Any well-known clustering method may be utilized. For example, a known method may be used that calculates distance among segments and clusters represented by a formula denoted in Formula 2, using variance-covariance matrixes of the feature vectors included therein. In Formula 2, n₁and n₂may represent the numbers of the feature vectors included in two clusters (or segments), and n may represent a sum of n₁and n₂. In Formula 2, Σ₁and Σ₂may represent variance-covariance matrixes of the feature vectors included in two clusters (or segments), and Σ may represent a variance-covariance matrix of a feature vector when two clusters (or segments) are combined. Assuming that each feature vector follows the normal distribution, an index represented by Formula 2 may indicate, in terms of a likelihood ratio, whether or not two clusters (or segments) should be integrated. The segment model generating unit 11 may integrate two clusters (or segments) into one cluster if the value represented by Formula 2 satisfies a predetermined condition.
n ₁log|Σ₁ |+n ₂log|Σ₂ |−n log|Σ| [Formula 2]
When the segment model generating unit 11 generates the segment speech model, the segment model generating unit 11 may apply a well-known parameter estimation method, using a statistical model of time-sequential data like an HMM as the segment speech model. In some instances, a parameter estimation method for an HMM on the basis of the maximum likelihood estimation may be the well-known Baum-Welch method. In other instances, methods based on Bayesian estimation such as variational Bayesian method or the Monte Carlo method may be utilized as the parameter estimation methods. The segment model generating unit 11 may determine the number of segment speech models, the number of states and the number of mixtures of each segment speech model (HMM) by using an existing method for model selection (such as the minimum description length principle, the Bayesian information criterion, the Akaike's information criterion, and the Bayesian posterior probability).

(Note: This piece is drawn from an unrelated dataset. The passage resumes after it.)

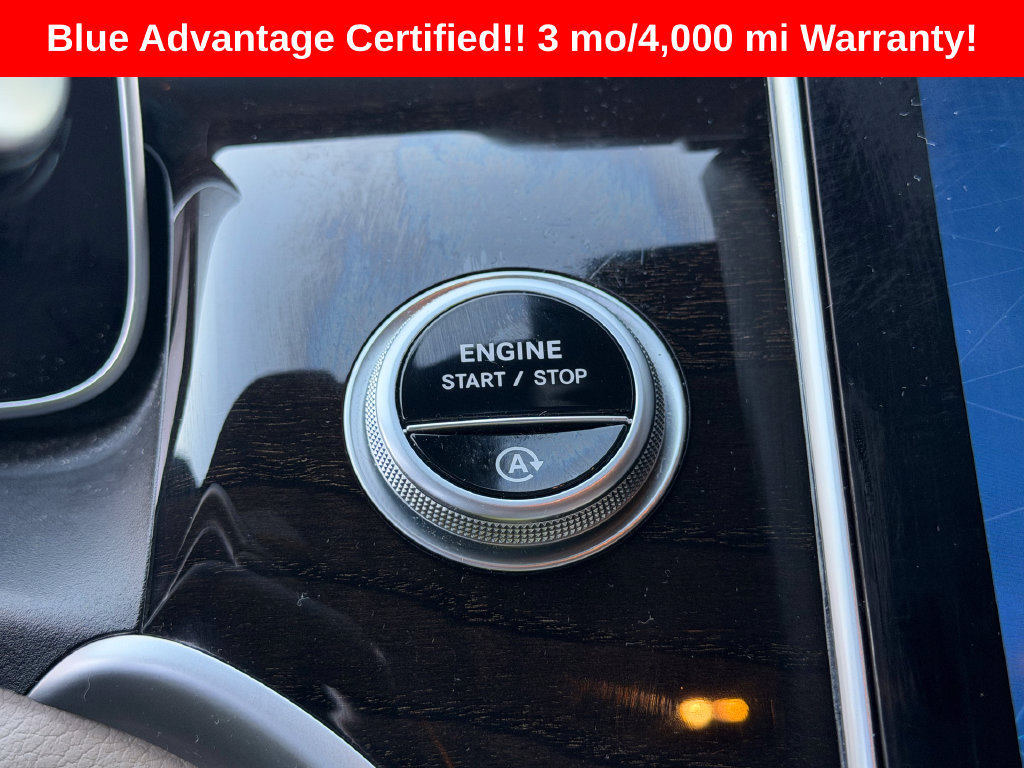 Used 2024 Mercedes-Benz GLC 300 4MATIC image 32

The segment extracting unit 10 may receive feedback from the segment model generating unit 11, and re-divide the comparison target speech data 130 into segments. In some aspects, the segment extracting unit 10 may re-divide the comparison target speech data 130 into segments with the aforementioned third method regarding the segment division, using the segment speech model previously generated by the segment model generating unit 11. The segment model generating unit 11 may generate a segment speech model using the newly divided segments. The segment extracting unit 10 and the segment model generating unit 11 may repetitively execute the operation with the feedback as described above until the division of the comparison target speech data 130 by the segment extracting unit 10 converges.

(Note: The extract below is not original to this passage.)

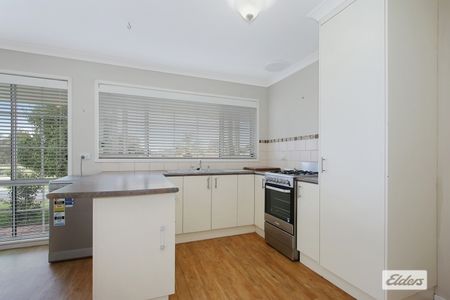 55 Nightingale Avenue - Photo 4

The similarity calculating unit 12 may receive the input speech data 140 from the speech data input unit 14. The similarity calculating unit 12 may receive the segment speech model from the segment model generating unit 11 or a memory unit. The similarity calculating unit 12 may calculate a similarity between the input speech data 140 and the segment speech model. In some aspects, the similarity calculating unit 12 may calculate the similarity using a formula denoted in Formula 1. In some aspects, the similarity calculating unit 12 may calculate the similarity using search algorithm based on the dynamic programming. For example, the similarity calculating unit 12 may calculate an optimum alignment of the HMMs for the feature vector series (y₁, y₂, . . . , y_T) that represents the input speech data 140 instead of the optimum alignment of the HMMs for the feature vector series (x₁, x₂, . . . , x_T) in formula 1. Exemplarily, the similarity calculating unit 12 may input the feature vector series (y₁, y₂, . . . , y_T) instead of the feature vector series (x₁, x₂, . . . , x_T) in formula 1. For example, using m (m is an integer of one or more) HMMs (λ₁, λ₂, . . . , λ_T) as the segment speech models from the segment model generating unit 11, the similarity calculating unit 12 may calculate a dividing point (t₀(=0), t₁, . . . , t_s−1, t_s(=T)) on a temporal axis and a segment speech model series (m₁, . . . , m_s−1, m_s) such that a value calculated by a formula denoted in Formula 1 becomes maximum.

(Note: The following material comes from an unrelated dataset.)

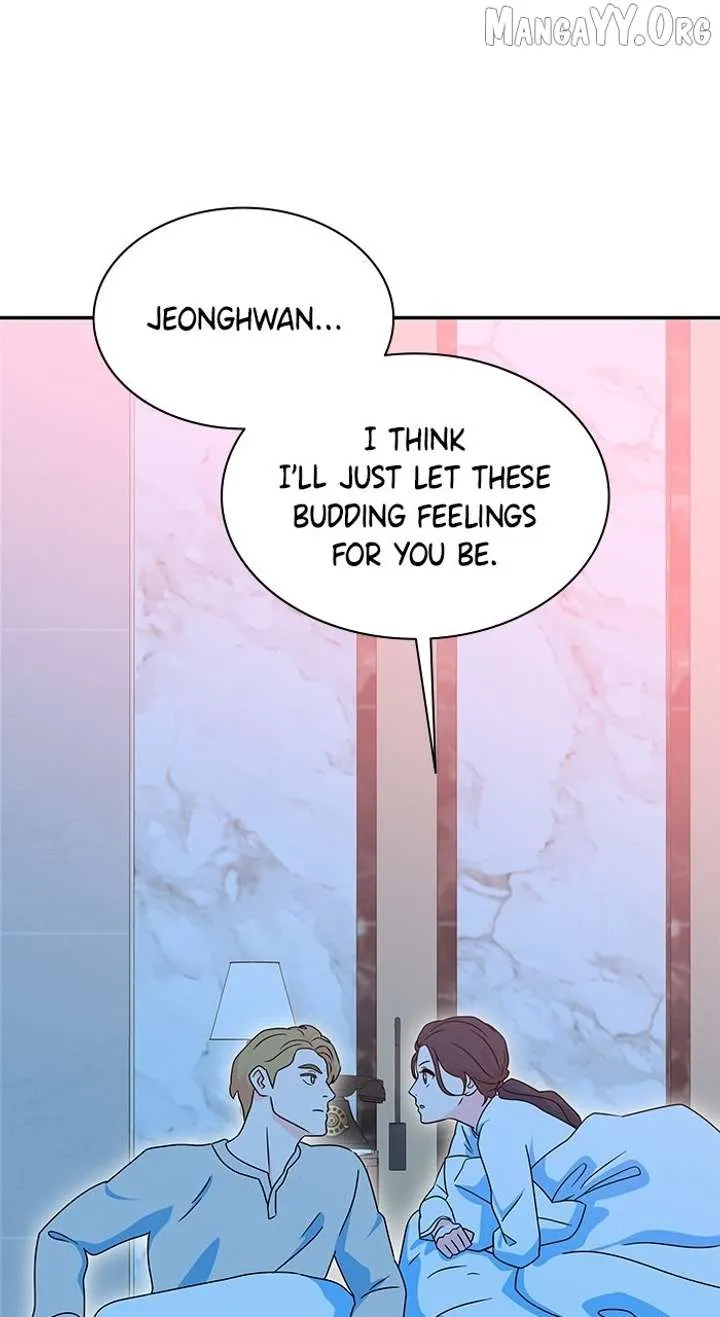 Marriage Blues Chapter 34 page 91 -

With reference to a flowchart of FIG. 2, exemplary operations (processing) of the speech data processing device 1 of the present exemplary embodiment will be described in detail below.
In step S101, the segment extracting unit 10 may read out the comparison target speech data 130 from the speech data memory unit 13. In step S102, the segment extracting unit 10 may divide the comparison target speech data 130 into a plurality of segments based on a predetermined reference, and extract these segments. In step S103, among the segments divided by the segment extracting unit 10, the segment model generating unit 11 may classify segments having similar characteristics into an identical cluster so as to generate a segment speech model for each cluster.
In step S104, the segment model generating unit 11 may input each generated segment speech model into the segment extracting unit 10. In step S105, with reference to the segment speech model input from the segment model generating unit 11, the segment extracting unit 10 may determine whether or not the comparison target speech data 130 is re-dividable into segments.
If the comparison target speech data 130 is re-dividable into segments (Yes in step S106), the processing may return to step S102. If the comparison target speech data 130 is not re-dividable into segments (No in step S106), the segment extracting unit 10 may inform the segment model generating unit 11 that the comparison target speech data 130 is not re-dividable into segments in step S107.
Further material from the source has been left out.